NUSA TENGGARA BARAT — Hypernet Technologies, perusahaan Managed Service Provider (MSP) di bawah naungan XLSMART, resmi merilis TokenKu.ai. Platform ini mengusung konsep "Satu Gateway untuk Semua Model AI" dan menyasar korporasi yang butuh mengelola akses, tata kelola, serta pengeluaran AI secara terpusat.
Yang membedakan dari layanan sejenis, TokenKu.ai menyediakan penagihan dalam rupiah lengkap dengan faktur pajak resmi. Ini menjawab salah satu hambatan adopsi AI di perusahaan: rekonsiliasi tagihan kartu kredit valuta asing dari berbagai penyedia model AI yang berbeda.
Peluncuran TokenKu.ai menyasar tren Bring Your Own AI (BYOAI), perilaku karyawan yang memakai alat AI secara mandiri tanpa strategi dan tata kelola resmi dari perusahaan. Praktik ini rentan memicu pembengkakan biaya akibat konsumsi token yang tak terpantau.
Tim keuangan pun kesulitan merekonsiliasi tagihan dari beragam penyedia AI yang dibayar dengan kartu kredit valuta asing. TokenKu.ai menawarkan solusi dengan menyederhanakan pembayaran ke dalam satu invoice resmi berfaktur pajak rupiah.
Lewat gateway terpusat, manajemen mendapat visibilitas real-time untuk memantau konsumsi token. Fitur lain mencakup pembagian virtual API key serta penetapan batas belanja bulanan (budget cap) per individu maupun divisi.
Melalui satu portal marketplace, pengguna dapat mengakses lebih dari 120 model AI dari pengembang global seperti OpenAI, Anthropic, Google, dan Meta. Sistem ini menghapuskan kebutuhan mengelola banyak akun, negosiasi lisensi individual, maupun keterikatan kontrak vendor terpisah.

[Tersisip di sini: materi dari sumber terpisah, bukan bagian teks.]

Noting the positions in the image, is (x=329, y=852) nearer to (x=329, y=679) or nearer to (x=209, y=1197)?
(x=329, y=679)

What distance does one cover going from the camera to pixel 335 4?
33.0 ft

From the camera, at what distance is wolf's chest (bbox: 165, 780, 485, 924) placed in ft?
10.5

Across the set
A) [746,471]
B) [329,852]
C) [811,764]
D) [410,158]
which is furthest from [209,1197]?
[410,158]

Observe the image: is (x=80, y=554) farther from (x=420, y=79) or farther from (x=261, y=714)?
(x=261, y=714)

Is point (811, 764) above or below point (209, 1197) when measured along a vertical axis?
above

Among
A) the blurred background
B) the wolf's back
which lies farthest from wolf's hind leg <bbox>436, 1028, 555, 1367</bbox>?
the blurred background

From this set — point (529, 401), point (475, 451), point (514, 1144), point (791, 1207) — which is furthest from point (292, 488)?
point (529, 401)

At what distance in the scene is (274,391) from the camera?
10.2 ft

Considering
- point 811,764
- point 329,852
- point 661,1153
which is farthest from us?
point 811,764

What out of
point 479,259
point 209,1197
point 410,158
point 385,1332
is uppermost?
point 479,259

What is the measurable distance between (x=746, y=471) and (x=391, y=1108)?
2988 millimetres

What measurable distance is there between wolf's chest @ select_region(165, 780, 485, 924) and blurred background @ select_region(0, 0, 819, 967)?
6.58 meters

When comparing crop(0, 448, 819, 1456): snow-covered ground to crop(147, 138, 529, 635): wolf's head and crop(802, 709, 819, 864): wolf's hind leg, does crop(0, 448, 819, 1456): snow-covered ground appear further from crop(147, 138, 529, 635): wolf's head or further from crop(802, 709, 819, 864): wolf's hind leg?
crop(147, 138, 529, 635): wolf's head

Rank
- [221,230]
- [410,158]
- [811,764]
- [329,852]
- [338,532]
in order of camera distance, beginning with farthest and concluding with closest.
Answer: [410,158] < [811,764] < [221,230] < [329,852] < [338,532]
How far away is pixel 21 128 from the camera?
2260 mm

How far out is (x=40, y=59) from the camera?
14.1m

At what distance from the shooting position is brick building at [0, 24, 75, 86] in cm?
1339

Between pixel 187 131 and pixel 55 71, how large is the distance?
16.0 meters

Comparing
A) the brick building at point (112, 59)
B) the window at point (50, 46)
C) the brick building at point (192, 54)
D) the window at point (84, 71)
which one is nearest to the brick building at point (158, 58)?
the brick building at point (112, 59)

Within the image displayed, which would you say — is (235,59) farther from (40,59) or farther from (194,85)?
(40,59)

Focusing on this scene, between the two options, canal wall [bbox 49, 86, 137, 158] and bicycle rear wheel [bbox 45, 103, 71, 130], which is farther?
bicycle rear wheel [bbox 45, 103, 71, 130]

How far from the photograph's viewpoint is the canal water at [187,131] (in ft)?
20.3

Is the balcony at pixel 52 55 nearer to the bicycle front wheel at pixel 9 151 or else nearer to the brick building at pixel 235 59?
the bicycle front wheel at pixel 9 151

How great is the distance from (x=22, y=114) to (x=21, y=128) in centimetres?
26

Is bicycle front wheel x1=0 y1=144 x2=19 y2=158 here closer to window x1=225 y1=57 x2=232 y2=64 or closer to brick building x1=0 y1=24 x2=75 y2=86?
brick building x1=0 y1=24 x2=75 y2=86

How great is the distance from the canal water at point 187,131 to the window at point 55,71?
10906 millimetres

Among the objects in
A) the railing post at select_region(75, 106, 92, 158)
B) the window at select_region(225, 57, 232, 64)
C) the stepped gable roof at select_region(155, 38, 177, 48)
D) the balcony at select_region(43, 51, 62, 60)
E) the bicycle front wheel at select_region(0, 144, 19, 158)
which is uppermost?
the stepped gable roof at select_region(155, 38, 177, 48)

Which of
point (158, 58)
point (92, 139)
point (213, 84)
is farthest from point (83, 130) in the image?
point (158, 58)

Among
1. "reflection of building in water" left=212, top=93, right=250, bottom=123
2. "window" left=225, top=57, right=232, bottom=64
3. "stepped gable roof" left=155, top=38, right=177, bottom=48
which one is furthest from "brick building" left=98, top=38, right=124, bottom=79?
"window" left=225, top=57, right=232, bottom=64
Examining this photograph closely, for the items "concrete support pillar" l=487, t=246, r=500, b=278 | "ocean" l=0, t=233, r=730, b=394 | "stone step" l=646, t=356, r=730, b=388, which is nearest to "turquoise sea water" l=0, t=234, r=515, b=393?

CEO Hypernet Technologies, Sudianto Oei, menegaskan bahwa TokenKu.ai dirancang memberi ketenangan bagi manajemen dalam mengadopsi AI secara efisien.
"Dengan TokenKu.ai, manajemen bisa memiliki kontrol penuh atas akses, tata kelola, dan biaya operasional agar lebih tenang dalam mengadopsi AI. Tim internal pun tidak perlu mengurusi administrasi secara mandiri, sehingga setiap personel bisa lebih fokus memaksimalkan potensi AI untuk mendorong pertumbuhan bisnis," ujar Sudianto.

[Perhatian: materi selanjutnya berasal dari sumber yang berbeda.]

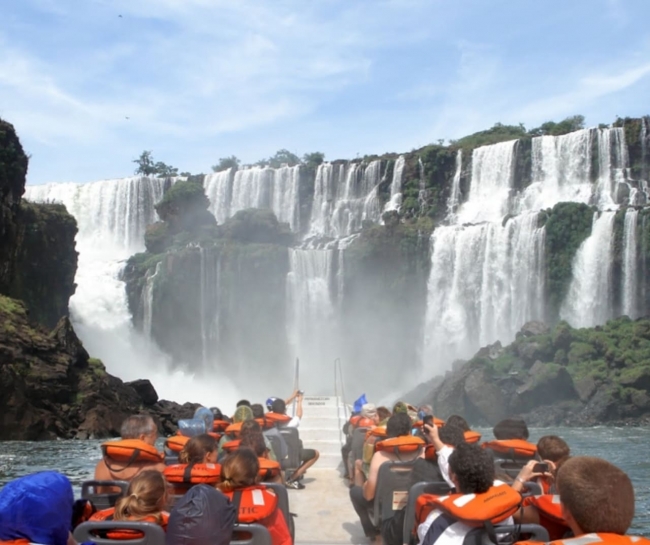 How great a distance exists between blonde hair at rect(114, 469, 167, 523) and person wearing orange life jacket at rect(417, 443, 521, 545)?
1396 mm

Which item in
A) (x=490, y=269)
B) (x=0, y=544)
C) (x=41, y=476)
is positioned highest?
(x=490, y=269)

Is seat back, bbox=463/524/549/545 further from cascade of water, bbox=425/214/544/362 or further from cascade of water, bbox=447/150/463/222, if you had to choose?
cascade of water, bbox=447/150/463/222

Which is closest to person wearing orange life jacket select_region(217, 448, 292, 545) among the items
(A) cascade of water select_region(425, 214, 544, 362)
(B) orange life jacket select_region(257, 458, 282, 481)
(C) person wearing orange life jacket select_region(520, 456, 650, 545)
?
(B) orange life jacket select_region(257, 458, 282, 481)

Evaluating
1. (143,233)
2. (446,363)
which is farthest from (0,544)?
(143,233)

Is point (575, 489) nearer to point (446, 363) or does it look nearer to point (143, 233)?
point (446, 363)

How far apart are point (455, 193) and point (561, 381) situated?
2601 centimetres

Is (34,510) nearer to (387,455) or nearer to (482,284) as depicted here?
(387,455)

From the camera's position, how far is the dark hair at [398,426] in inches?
249

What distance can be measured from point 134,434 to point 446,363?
136 ft

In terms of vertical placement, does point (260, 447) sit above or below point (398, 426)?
below

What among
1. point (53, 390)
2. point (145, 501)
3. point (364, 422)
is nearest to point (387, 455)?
point (145, 501)

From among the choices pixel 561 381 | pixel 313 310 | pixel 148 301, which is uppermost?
pixel 148 301

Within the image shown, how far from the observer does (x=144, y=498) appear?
13.3 ft

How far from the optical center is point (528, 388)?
33.4 meters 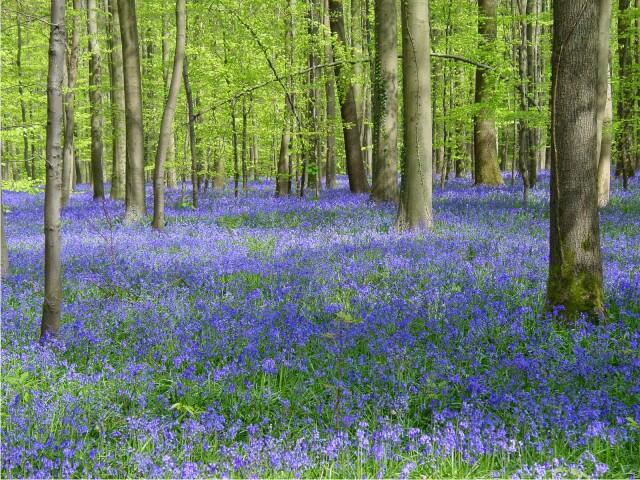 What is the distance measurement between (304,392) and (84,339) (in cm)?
250

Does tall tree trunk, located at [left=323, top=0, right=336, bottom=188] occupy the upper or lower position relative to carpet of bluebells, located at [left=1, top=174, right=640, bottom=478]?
upper

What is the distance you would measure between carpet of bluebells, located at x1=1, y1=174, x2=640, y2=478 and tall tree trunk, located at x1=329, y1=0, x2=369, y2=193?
1057 centimetres

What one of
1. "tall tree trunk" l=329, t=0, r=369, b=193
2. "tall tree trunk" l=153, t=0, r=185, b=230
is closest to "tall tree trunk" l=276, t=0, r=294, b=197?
"tall tree trunk" l=329, t=0, r=369, b=193

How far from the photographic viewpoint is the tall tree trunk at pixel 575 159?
221 inches

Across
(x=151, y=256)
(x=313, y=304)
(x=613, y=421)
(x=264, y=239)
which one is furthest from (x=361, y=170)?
(x=613, y=421)

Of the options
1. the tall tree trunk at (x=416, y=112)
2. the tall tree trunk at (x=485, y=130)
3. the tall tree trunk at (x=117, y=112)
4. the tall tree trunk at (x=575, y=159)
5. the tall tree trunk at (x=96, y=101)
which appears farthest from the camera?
the tall tree trunk at (x=117, y=112)

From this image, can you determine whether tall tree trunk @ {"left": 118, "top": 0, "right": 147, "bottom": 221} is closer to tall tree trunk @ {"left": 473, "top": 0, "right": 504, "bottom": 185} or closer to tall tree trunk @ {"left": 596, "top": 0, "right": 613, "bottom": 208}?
tall tree trunk @ {"left": 473, "top": 0, "right": 504, "bottom": 185}

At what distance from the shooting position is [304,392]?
14.8 feet

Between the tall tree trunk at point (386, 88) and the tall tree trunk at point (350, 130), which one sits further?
the tall tree trunk at point (350, 130)

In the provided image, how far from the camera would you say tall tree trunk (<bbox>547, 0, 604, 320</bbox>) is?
5.61 meters

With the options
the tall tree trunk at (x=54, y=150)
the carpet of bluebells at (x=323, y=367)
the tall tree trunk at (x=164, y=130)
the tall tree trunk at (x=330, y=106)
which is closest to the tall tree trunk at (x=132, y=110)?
the tall tree trunk at (x=164, y=130)

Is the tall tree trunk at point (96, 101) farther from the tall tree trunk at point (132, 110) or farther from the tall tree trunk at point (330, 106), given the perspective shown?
the tall tree trunk at point (330, 106)

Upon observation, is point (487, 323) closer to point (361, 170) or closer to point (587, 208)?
point (587, 208)

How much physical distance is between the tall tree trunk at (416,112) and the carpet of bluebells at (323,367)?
1.48m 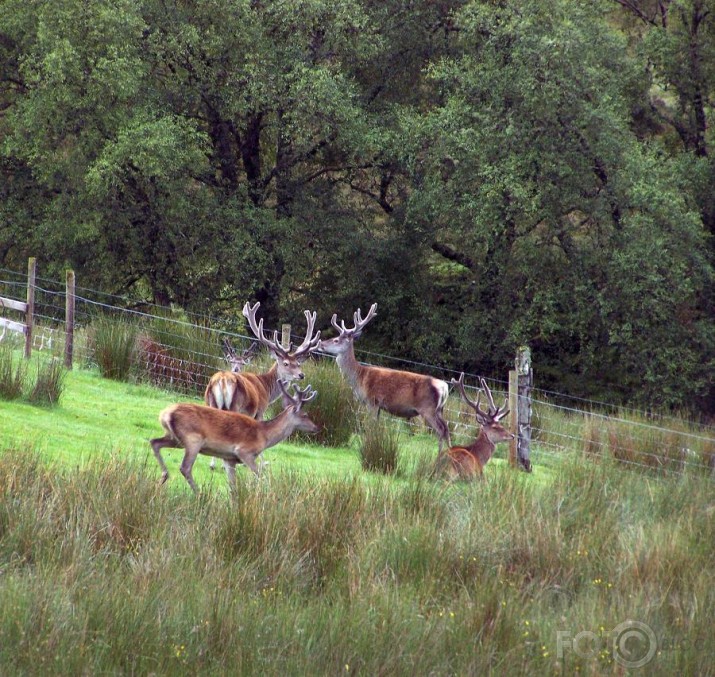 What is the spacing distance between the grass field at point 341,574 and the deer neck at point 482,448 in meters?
1.61

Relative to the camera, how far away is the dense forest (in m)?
18.8

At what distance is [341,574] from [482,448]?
421 cm

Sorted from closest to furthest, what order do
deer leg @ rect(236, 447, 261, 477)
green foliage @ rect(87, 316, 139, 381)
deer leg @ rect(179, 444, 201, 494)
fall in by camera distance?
deer leg @ rect(179, 444, 201, 494)
deer leg @ rect(236, 447, 261, 477)
green foliage @ rect(87, 316, 139, 381)

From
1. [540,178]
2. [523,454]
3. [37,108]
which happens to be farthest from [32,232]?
[523,454]

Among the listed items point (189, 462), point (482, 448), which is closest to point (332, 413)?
point (482, 448)

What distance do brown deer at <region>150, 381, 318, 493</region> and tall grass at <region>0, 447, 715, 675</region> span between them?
0.71 m

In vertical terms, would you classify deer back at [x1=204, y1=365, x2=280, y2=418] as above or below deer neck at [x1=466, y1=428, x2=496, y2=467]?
above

Pemanfaatan AI terbukti mendongkrak efisiensi kerja di Indonesia. Laporan PwC Global Workforce Hopes and Fears Survey 2025 mencatat 96% pekerja Indonesia yang menggunakan AI generatif secara harian merasa lebih produktif.
Studi Strand Partners untuk AWS (2026) mengungkapkan 75% bisnis di Tanah Air yang mengadopsi AI mencatatkan kenaikan produktivitas terukur. Angka itu melonjak hingga 84% pada perusahaan yang mengimplementasikan agentic AI.
Pada tahap awal, TokenKu.ai akan berfokus melayani sektor dengan standar kepatuhan data dan efisiensi operasional tinggi. Tiga sektor pertama yang disasar adalah Telekomunikasi, Media, & Teknologi (TMT), Jasa Keuangan, serta Ritel.
Setelah ketiga sektor itu, Hypernet Technologies berencana memperluas layanan ke berbagai lini industri lainnya. Langkah ini menempatkan TokenKu.ai bersaing di ruang managed AI gateway yang mulai dilirik korporasi Indonesia seiring meningkatnya kebutuhan tata kelola AI.